I am grateful to the noble Lords, Lord Rix, Lord Low and Lord Touhig, and a number of external organisations, including the Special Educational Consortium for the work that they have done with us since the original draft clause and scheme was circulated in September. Their contributions have helped us to improve our plans for the pilots and we look forward to continuing to work with them. I also thank them for the work they have done with us on improving the system for complaints about schools. I have said that we will not commence Clause 44 of the Bill until we are confident that the department systems are right, and I look forward to working with them on that.
This new clause and the associated scheme would allow local authorities in our Green Paper pathfinders and the individual budget pilots to test the use of direct payments in education for children with SEN. I should stress that we are only proposing a power to pilot the use of direct payments. We can see benefits for children and families but we need robust evidence from the pilots of what works and how to avoid potential problems. The new clause is broadly based on the legislation that allows the use of direct payments for health, including many of the safeguards that this House secured during the passage of that legislation. I apologise to the House for the lateness of the amendment to the new clause, laid by the Government yesterday, which makes the first order setting out the detail of how the pilot will operate subject to an affirmative resolution. That relates to concerns raised by the noble Lord, Lord Touhig, and the Delegated Powers and Regulatory Reform Committee which recommended that this is an appropriate level of parliamentary scrutiny. I accept that view and hope that we will be able to secure time for that debate as early as possible to allow maximum time for the pathfinders to test direct payments.
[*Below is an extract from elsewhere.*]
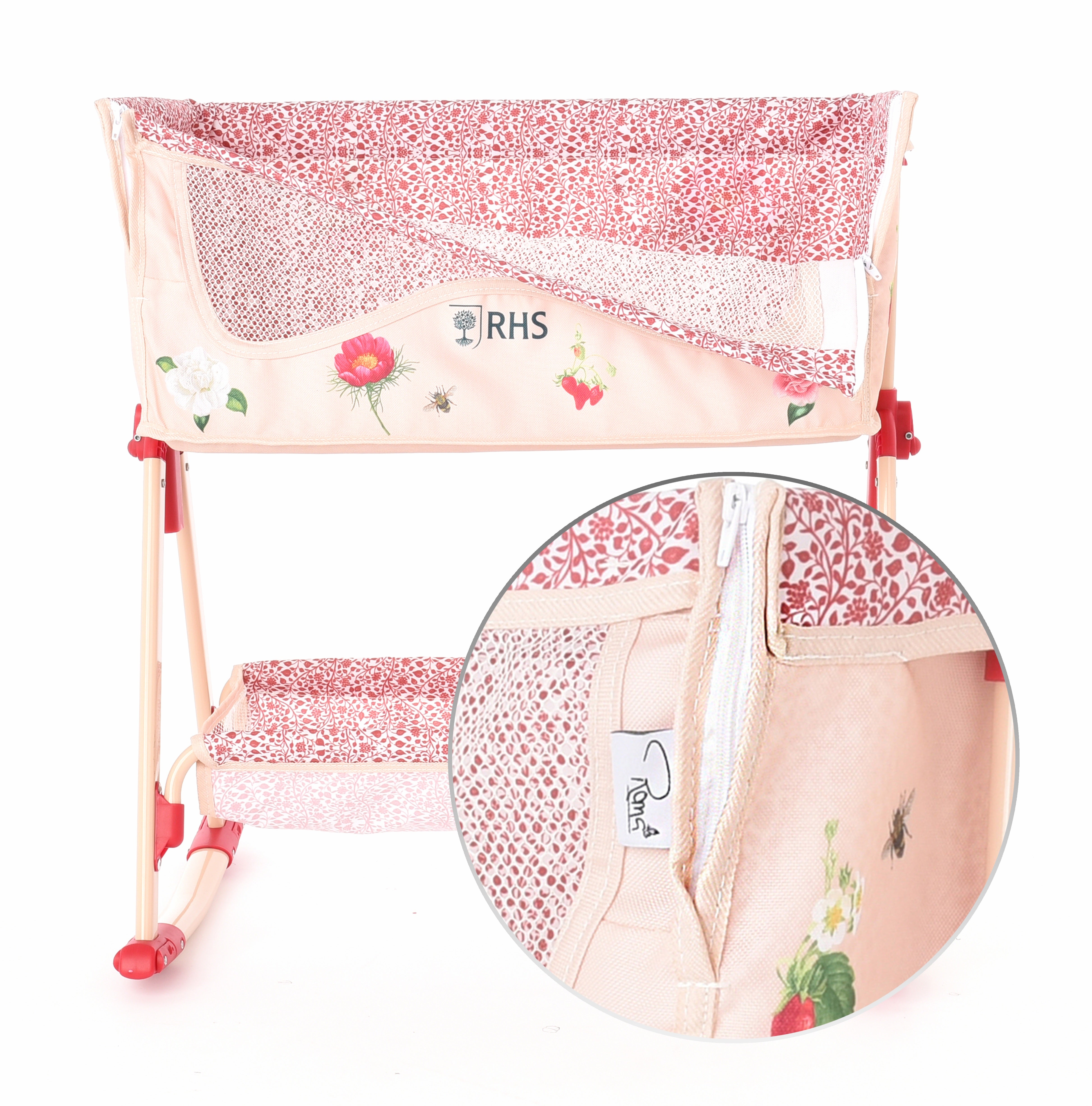 Roma RHS Bedside Crib - Flora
There are also a number of safeguards contained in the scheme which sets out how the pilots must operate to ensure that children, families, and local authorities taking part in the pilot are protected. First, the pilots will be entirely voluntary for children, young people and families. The local authority must obtain written consent before making a direct payment, and this consent can be withdrawn at any time, in which case the authority must make other arrangements to make the provision. The making of a direct payment does not waive, suspend or repeal any existing statutory duties. Linked to this point, I would like to make it clear that all of the work of the pathfinders will take place within the current statutory framework.
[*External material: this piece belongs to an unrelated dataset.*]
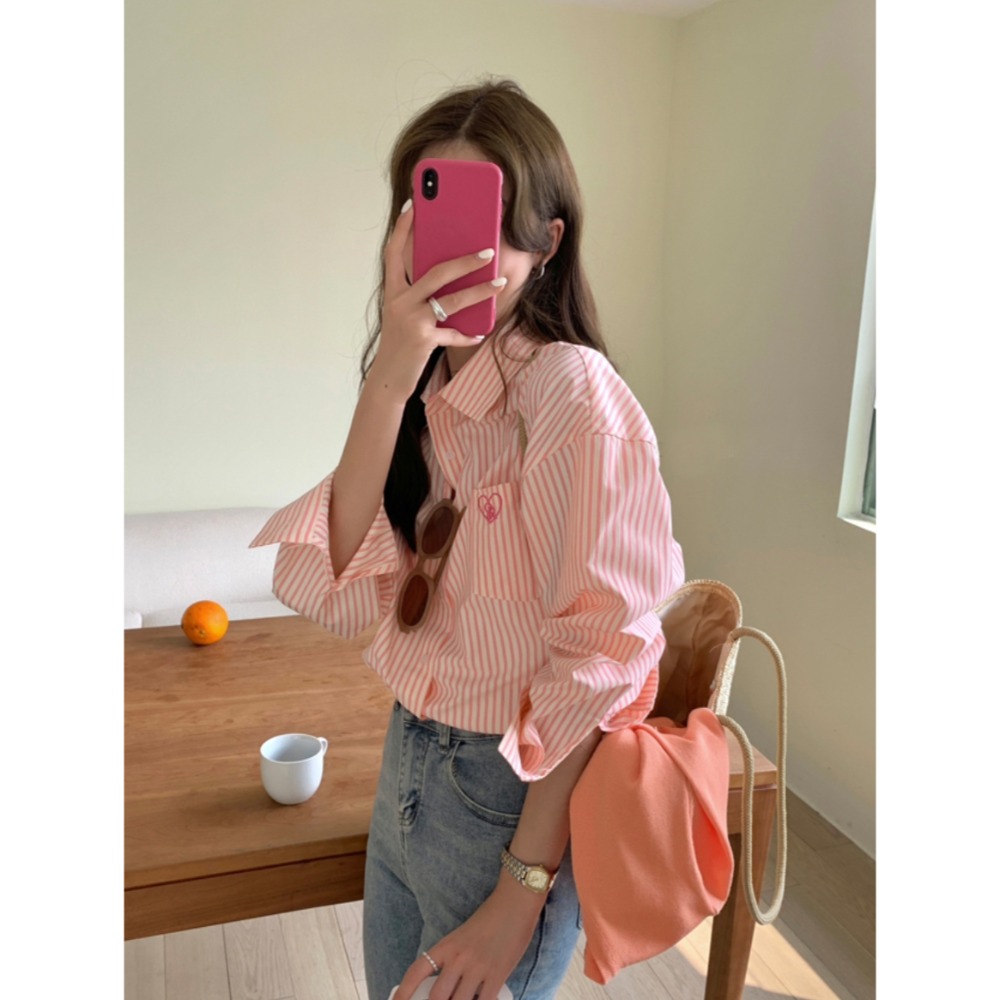 休閒條紋寬鬆長袖襯衫-細節圖2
The pathfinders will be required through the scheme to provide appropriate and effective information, advice and support to prospective recipients of direct payments. We have learnt from individual budget pilots that where this is done well, personal budgets and direct payments can be accessible to families from all backgrounds. The local authority will be required to monitor and review the use of the direct payments, and this will be in addition to their existing statutory duty to conduct an annual review of statements.
The purpose of the pilot is to gather information about what works in practice, so it will be evaluated as a distinct element of the wider evaluation of the SEN Green Paper pathfinders. The evaluation will capture information about the impact and effectiveness of direct payments, including cost-effectiveness; the processes local authorities establish to agree, quantify and cost the services to be delivered by direct payment; and potential barriers to delivery. We will ensure that it captures information on age, impairment, and type of need, as well as take-up by different socioeconomic groups. The pathfinder authorities will benefit from the expertise of the pathfinder support team, and they will work closely with the evaluators to provide support and specialist advice, and will help share any emerging learning, including that coming from the evaluation.
I hope that noble Lords will agree with me that direct payments for educational provision have the potential to improve the quality and the choice of support available to children with SEN and their families. There are, however, important and sensitive issues to address and it is right that we should test how we can make this approach work. That is what these pilots will enable us to do, and that is what this clause sets out to achieve. I beg to move.
Amendment 89ZZDAA (to Amendment 89ZZD)
My Lords, like many noble Lords in the Chamber, we welcome the direct payments initiative. It is right that it should be piloted and closely scrutinised. We will play our part in that. I hope that the Minister is able to reassure us that the outcome of the pilots will be fully debated by your Lordships' House in due course. I suspect that we will find that, as with many initiatives, it is the detail that matters and how the new powers are interpreted by parents and local authorities alike. We need clear advice and updates on how the pilots are working in practice. The outcome has to be an improvement in the provision of SEN services in schools and the pilots will need to demonstrate that all SEN children, not just those of middle-class parents, have an improved quality of service.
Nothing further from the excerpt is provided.